The call comes in the wake of the U.S. announcement of significant import tariffs, which was met by a stock market selloff and a slump in the Dollar.
This hand-in-hand fall in the Dollar and stocks is unusual and poses significant risks, explains Saravelos:
"We have been warning about the importance of the correlation breakdown between US risk assets and the dollar for a while - European losses on US assets are now exceeding those seen during the 2022-2023 crisis.
"The safe haven properties of the dollar are being eroded and this is imposing a significant cost on unhedged dollar holdings."
Typically, European investors in U.S. assets wouldn't need to hedge their currency exposure because the textbook says falling U.S. stocks are compensated for by a rising Dollar.
But what happens when stocks and the dollar fall together? The rising value of the Euro amplifies the foreign investor's loss.
There is a risk that the substantial holding of U.S. assets accelerates as losses become too significant to bear.
"All of this risks a self-fulfilling unwind of extreme US asset overweights from countries that have exported capital to the US over the last decade," says Saravelos.

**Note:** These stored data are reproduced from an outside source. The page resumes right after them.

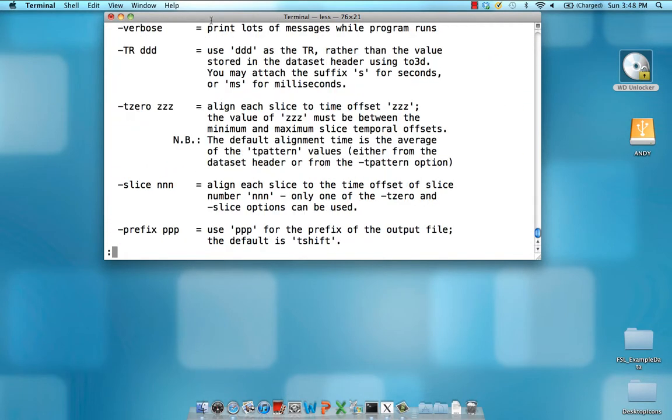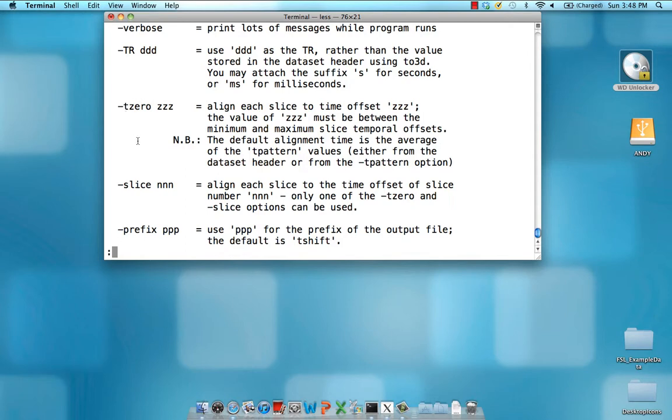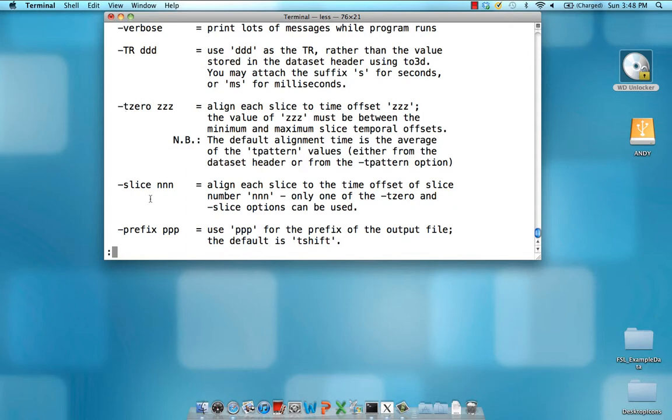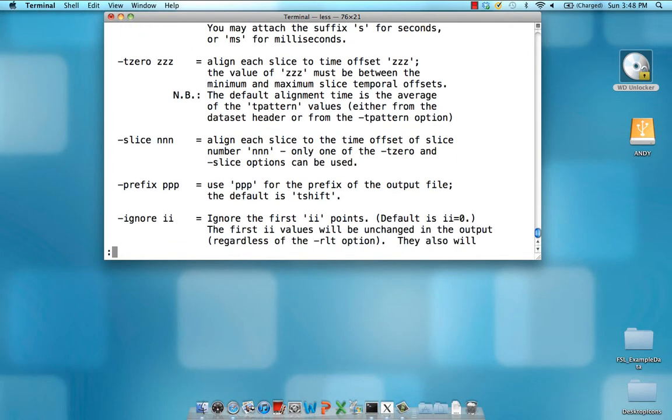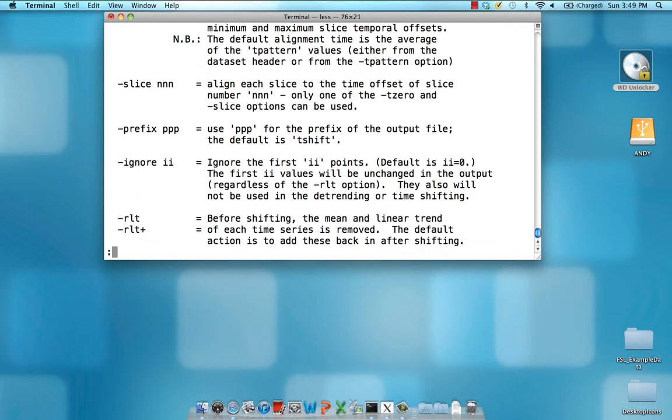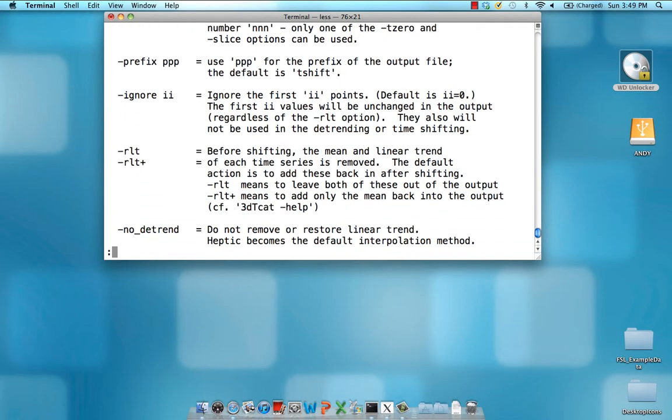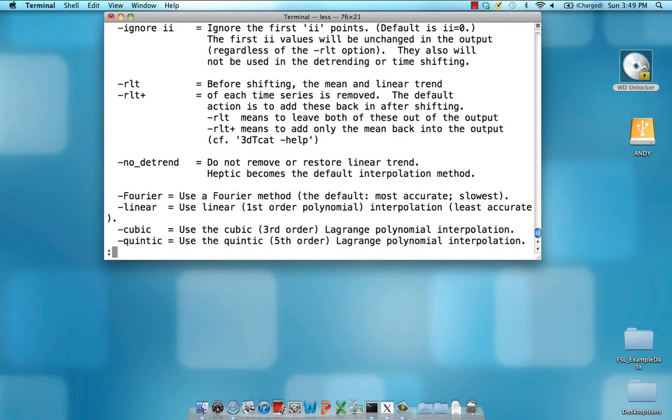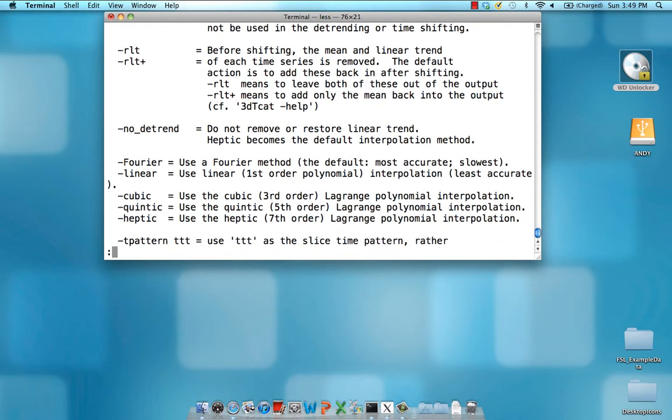Notice that there are different options here, such as you can override the TR stored in the data set. You can set what slice you want to align to. In this case, we're going to align to slice 0. And the prefix is the name of the data set that you want to output. What label do you want to attach to it? And there are other options that you can look at as well.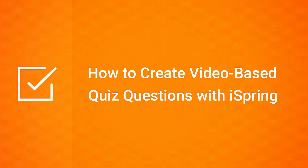Hi, it's Brian from iSpring, and today we're gonna find out how to create video-based quiz questions with iSpring.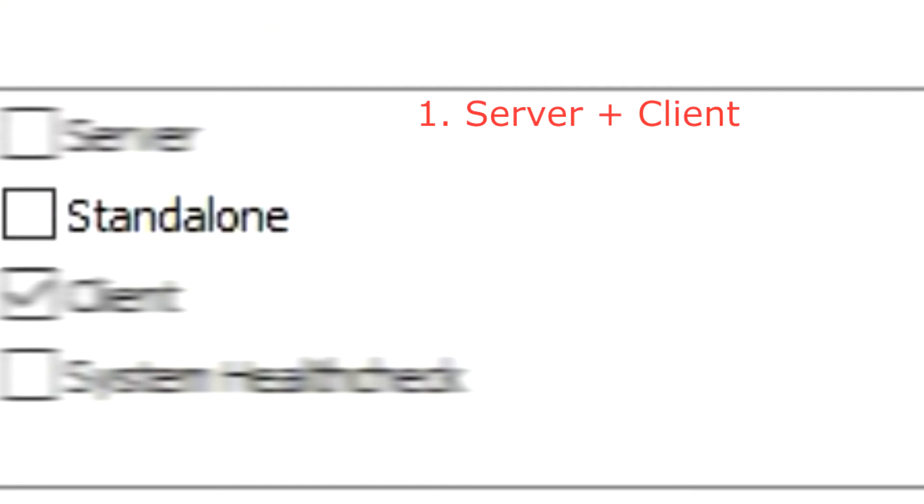Standalone is a single application that combines server and client. It is often used when the monitoring is done on the same computer where the server is installed. It allows to save resources due to single decoding of showing and analyzing the video streams.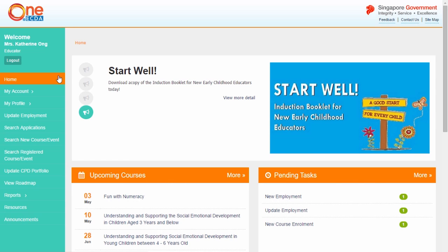Once you have logged in, you will see the One at EKTA dashboard. The dashboard provides an overview of available functions, announcements, upcoming courses, pending tasks, registered courses and resources.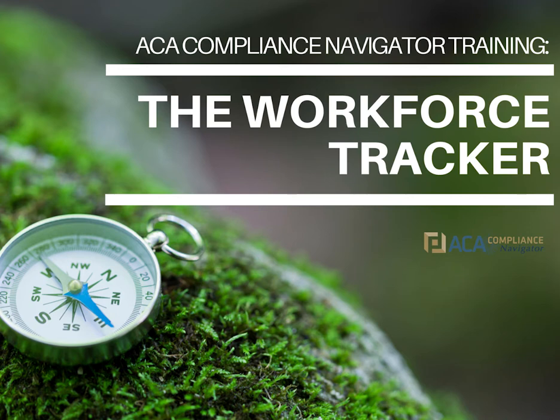Hello and welcome to PrimePay's ACA Compliance Navigator. Today we will focus on the Workforce Tracker tool.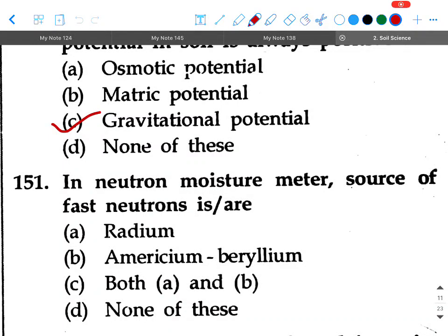Today we will see 50 questions from soil science, part of your SR Kantor book, that is from question 151 to 200. So let's see what the questions are. All of you just write down the options in your copy, and later on upload your answers in the comment box.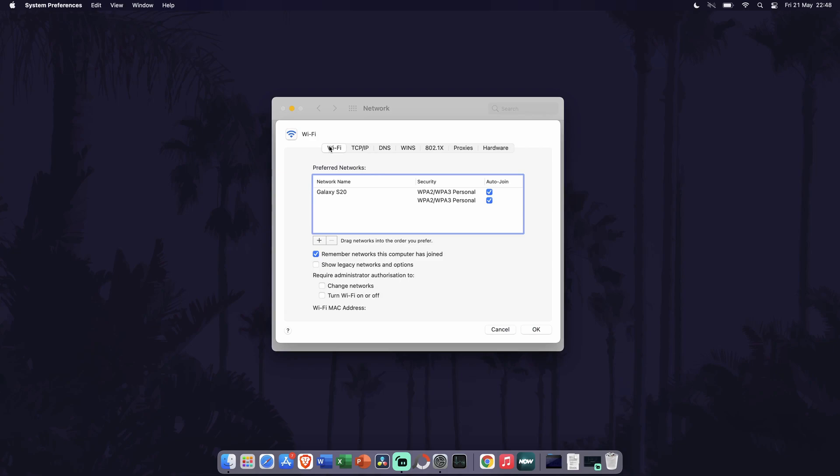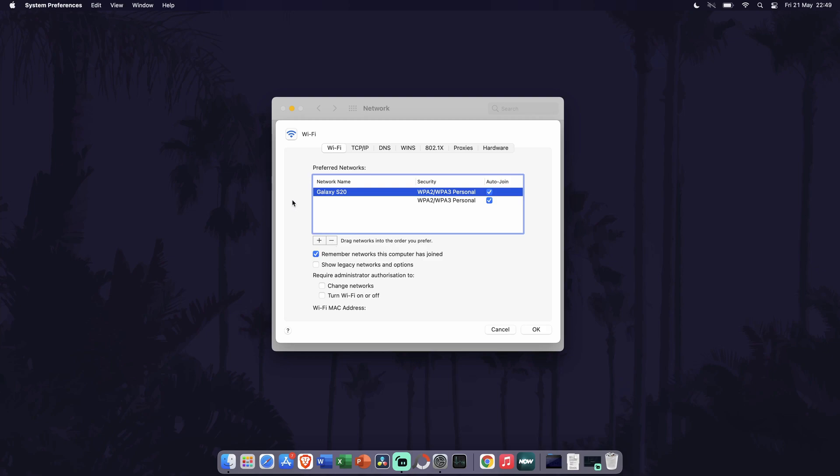To forget one, click on it once to highlight it and then select the minus icon under the list and follow any steps it says to forget it.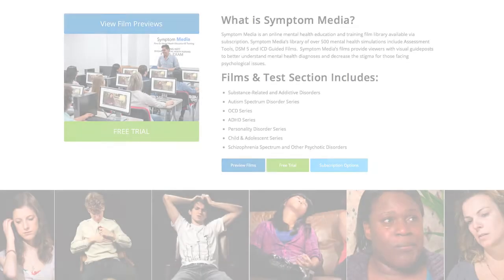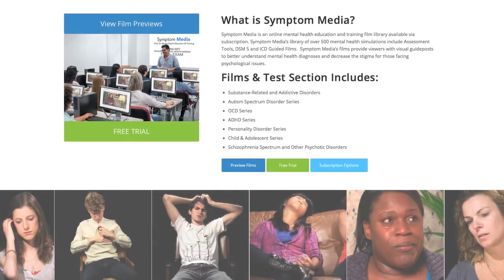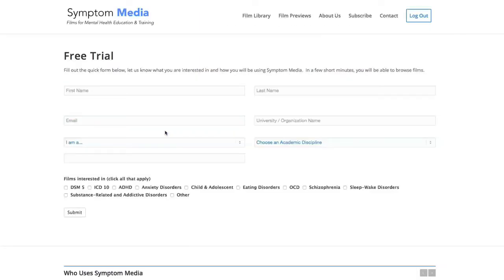Join the over 300 universities, colleges, medical schools and hospitals subscribing to Symptom Media. Be sure to visit SymptomMedia.com to sign up for a free trial today.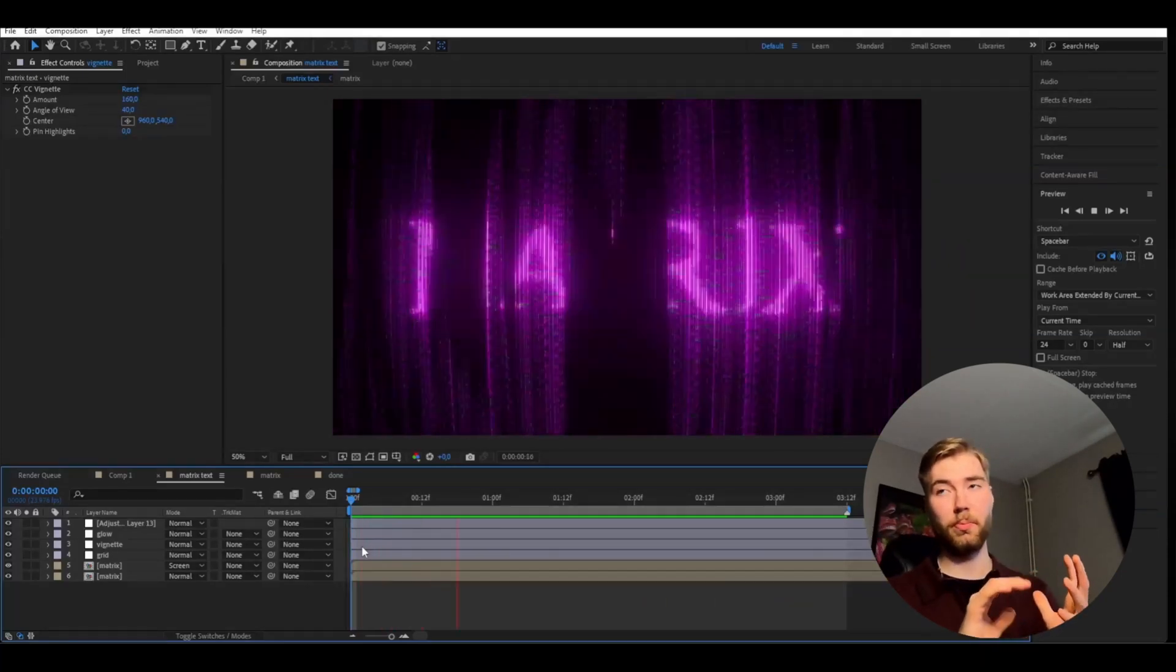And yeah, this is basically how you made the matrix text. And if you guys enjoyed this tutorial please like and subscribe. Don't forget to check out our discord server, our socials. And yeah, I will see you guys soon. Take care and have a nice day.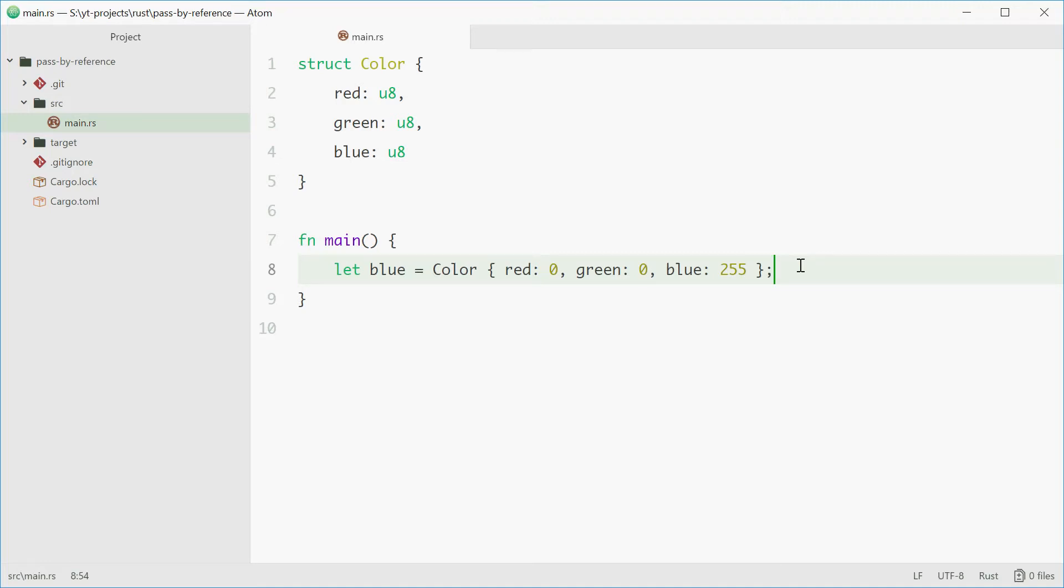How's it going? My name is Dom and today I'm going to be showing you how to pass a value to a function by reference in Rust.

Above: The Dollar (top) and the U.S. S&P 500 are falling in tandem, which spells trouble for foreign investors who are unhedged on their currency exposure, i.e. they didn't take out the hedging trades that would deliver a positive return in the event the USD falls.
"The US has a large current account deficit, and the currency is reliant on capital inflows for stability. A drop in the dollar, a drop in US equities and a rise in term premium in US treasuries would be the strongest market signal that a process of US disinvestment is accelerating," he adds.
His warning is that capital flow allocations unsurp currency fundamentals and that FX moves become disorderly.
"We would caution that if the dollar decline accelerates, it would be a highly unwelcome development for global central banks," he adds.